The planet looks like Eden from orbit and lush, green, Earth-like. But it's anything but safe. The vegetation is so aggressive it can survive in the vacuum of space and colonize ships in orbit.
When the crew investigates an ancient ark ship, something goes terribly wrong. Alis wakes up to find herself, Cato and Kern alone on the Dissenter. Everyone else has vanished. The rest of the book follows their desperate attempt to understand what happened and survive.
The three timelines do converge quite wildly in the final chapters. Tchaikovsky ties together plot threads, showing how decisions made thousands of years ago ripple into the present. Characters who survive come to terms with their situations and there are scenes of genuine awe.

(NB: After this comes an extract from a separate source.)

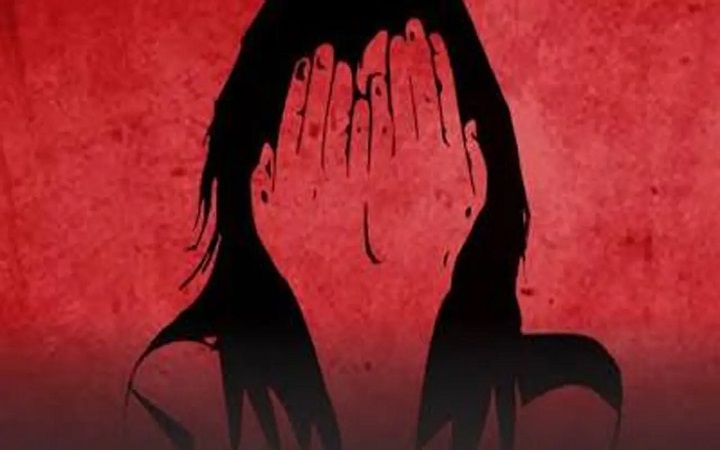 ঝিনাইদহে পরকীয়ার অভিযোগে নারীকে চুল কেটে ও মরিচের গুঁড়া ছিটিয়ে নির্যাতন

Characters that break the mold
Tchaikovsky excels at creating non-human characters that feel real and relatable. Captain Cato, with barely repressed violent instincts, tries to be nice while instinctively wanting to kill everyone around him. He's hilarious, scathing, and surprisingly tender at times.
Avrana Kern, once an unhinged megalomaniac, has evolved into something more nuanced as an AI. She's still cynical and manipulative, but now she's protective and surprisingly endearing. She brings humor and sharp wit to tense situations.
The Portids return with their fascinating dynamics. A dominant Portia and a subservient Fabian navigate their relationship during the story finding unexpected equality and understanding.
Not all characters land perfectly though. Some feel slightly underdeveloped, but the core cast is memorable and emotionally engaging, each representing different aspects of what it means to be "human" even when you're not human at all.

Final verdict
If you've read the previous Children books, this is a must-read. It brings back beloved characters and delivers the same mix of hard science and emotional storytelling you expect from Tchaikovsky.
If you're new to the sci-fi series, Children of Strife can work as a standalone, as Tchaikovsky includes a "What Has Gone Before" summary and a character list. However, you'll miss emotional connections and callbacks that make certain moments more powerful.
This is very much a return to form after the third book, which in my personal opinion felt slightly less impactful. The split narrative and complex structure require attention, but the payoff is so very worth it. I'd easily score the fourth installment in the series 4.5 out of 5 stars.
For fans of thoughtful, character-driven science fiction with genuinely alien aliens and big philosophical questions, Children of Strife delivers. It's space opera with substance, accessible enough for newcomers but rich enough to satisfy longtime fans.